The year is 1998. A couple of days after Christmas. At the Miami International Airport, a 15-year-old kid is called upon by an officer at customs before he’s allowed to enter the United States. The officer looks at him upside down: blonde hair, green eyes, both ears pierced, baggy jeans worn well below the waistline. The man is very serious. He smirks before he starts hollering:

-¡Oye Rafa! ¡Mira quién llegó aquí!

He shouts over his shoulder to a fellow officer. He points at the t-shirt the dumbfounded teenager is wearing: a black cotton t-shirt with the face of the Cuban revolutionary Ernesto ‘Che’ Guevara. It is the image of cover of a Rage Against the Machine album.

-Tú no sabes quién es él. ¡Ese es un asesino!”. –The officer speaks in a Caribbean accent. The officer now turns to the boy’s father and reprimands him.—“Y usted. ¡Usted es un irresponsable! Dejar que su hijo ante por ahí vistiendo así y venir acá, a Miami… Le digo una cosa, es menos peligroso ponerlo a caminar por las calles de Miami con una ametralladora Thompson que dejarlo caminar por ahí con esa camiseta del asesino ese. ¡Ha! ¡Este pitico!

The father smiles as he looks at the teenager who has been mute and almost shrinking the whole time the officers lectured him on “his ignorance” for “celebrating a mass murderer”. He goes to the nearest bathroom, comes back a few minutes later a button shirt covering the problematic t-shirt.

The teenager wearing the Che t-shirt was my brother.
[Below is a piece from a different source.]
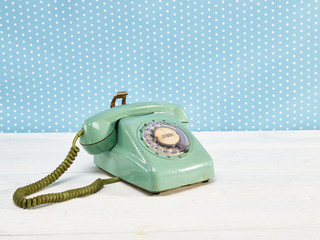 Grünes Retro Telefon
The story has become part of our family’s remembrance vault and still elicits laughter when told occasionally.

I’ve revisited the anecdote after watching Chevolution, the 2008 documentary directed by Trisha Ziff that explores “the man, the myth [&] the merchandise” around the iconic Che Guevara photograph that Alberto Korda took in 1960.  

At one point in the documentary, another photographer talks about the vitality of images and where it comes from: “from what people do with the images”, not from the images themselves. Another voice in the documentary signals our need for icons, legends, and myths. “If we don’t have them, then we have to create them”. A statement that has an echo in a worker interviewed and his assertion that he “doesn’t believe in any God”, but if he did “it would be Che Guevara”.
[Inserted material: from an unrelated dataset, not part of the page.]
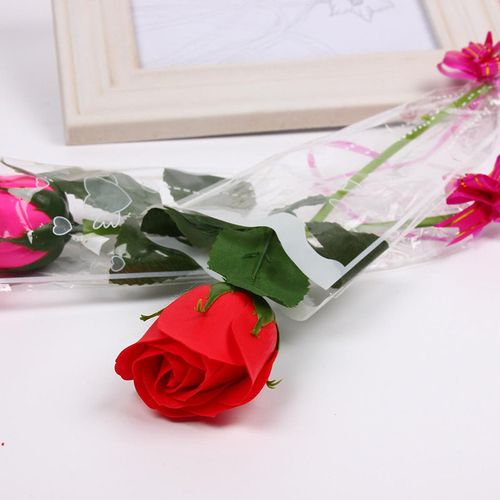 真花单支玫瑰花康乃馨向日葵一支单独包装 鲜花速递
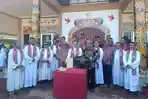 Kapolsek Toba Hadiri Peresmian Gereja Santo Agustinus Mangkup, Wujud Sinergi & Toleransi di Sanggau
Guevara’s image came to be a symbol of heroism and courage. That’s part of the magnetism of his image as a symbol. It serves as an unattainable, idealistic, level of commitment to a cause. That archetype, of the one willing to sacrifice everything for his belief system, is attractive.

Perhaps that’s why Alma Guillermoprieto says it was “astonishing fact” that so many wanted to be like him, even while they knew so little about him. However, symbols are not to be questioned or scrutinized. The very system Guevara despised has cashed in on ‘the rebel promise’, in so doing the power of the symbol has faded[1].

Like the Political Science professor Eric Selbin told the Pullitzer Center’s Sarah Caspari, if you’ve reached a point where fast-food chains can use your image for the advertising campaigns, that’s not very good. “The commodification of Che is surreal.” (…) “There’s a level at which Che as a figure is right on the edge of being an empty signifier. You can make him mean whatever you want him to mean”[2].  


[1] See: The Harsch Angel. By Alma Guillermoprieto. InLooking for history: dispatches from Latin America. 2001.